The perfect pizza parlor estimates the average daily cost per pizza to be C(x) = (0.00025x^2 + 8x + 10)/x , where x is a number of pizzas made in a day.

a) determine the total cost at the level of production of 50 pizzas a day.

b) determine the production level that would minimize the average daily cost per pizza.

c) what is the minimum average daily cost per pizza?

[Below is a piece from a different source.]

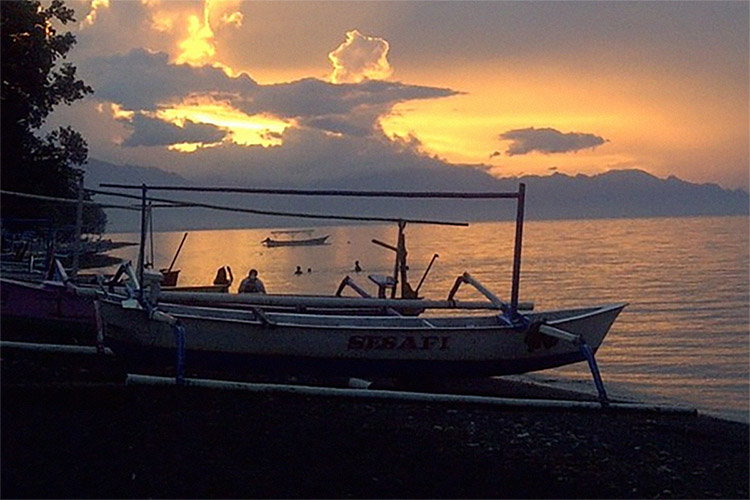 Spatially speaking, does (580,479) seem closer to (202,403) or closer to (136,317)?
(202,403)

cost per pizza at x = 50 is

[.00025(50)^2 + 8(50) +10 ]/50 = 8.21
* 50 = 410.63

dc/dx = [x (.0005 x + 8) -.00025x^2-8x-10) ]/x^2
when is the numerator zero?
.0005 x^2 + 8 x -.00025 x^2 -8 x -10 = 0
.00025 x^2 = 10
x = 200

for c, use 200 for x

(a) Plug in 50 for x and compute C(x).

(b) Solve for the value of x for which
C'(x) = dC(x)/dx = = 0.00025 x -20/x
= 0
25x^2 = 20,000

(c) Compute C(x) using the value of x from (b)

thanks :)

a) To determine the total cost at the level of production of 50 pizzas a day, we need to substitute x = 50 into the cost function C(x) = (0.00025x^2 + 8x + 10)/x.

C(50) = (0.00025(50)^2 + 8(50) + 10)/50
C(50) = (0.00025(2500) + 400 + 10)/50
C(50) = (0.625 + 400 + 10)/50
C(50) = 410.625/50
C(50) = 8.2125

Therefore, the total cost at the level of production of 50 pizzas a day is approximately $8.21.

b) To determine the production level that would minimize the average daily cost per pizza, we need to find the value of x at which the derivative of the cost function C(x) is equal to zero.

C(x) = (0.00025x^2 + 8x + 10)/x

To find the derivative, we can use the quotient rule:

C'(x) = [(0.00025x^2 + 8x + 10)(1) - (0.00025x^2 + 8x + 10)(1)]/x^2
C'(x) = (0.00025x^2 + 8x + 10 - 0.00025x^2 - 8x - 10)/x^2
C'(x) = (0)/x^2
C'(x) = 0

Therefore, the derivative of the average daily cost function is always zero. This means that the average daily cost function is constant and has no minimum or maximum.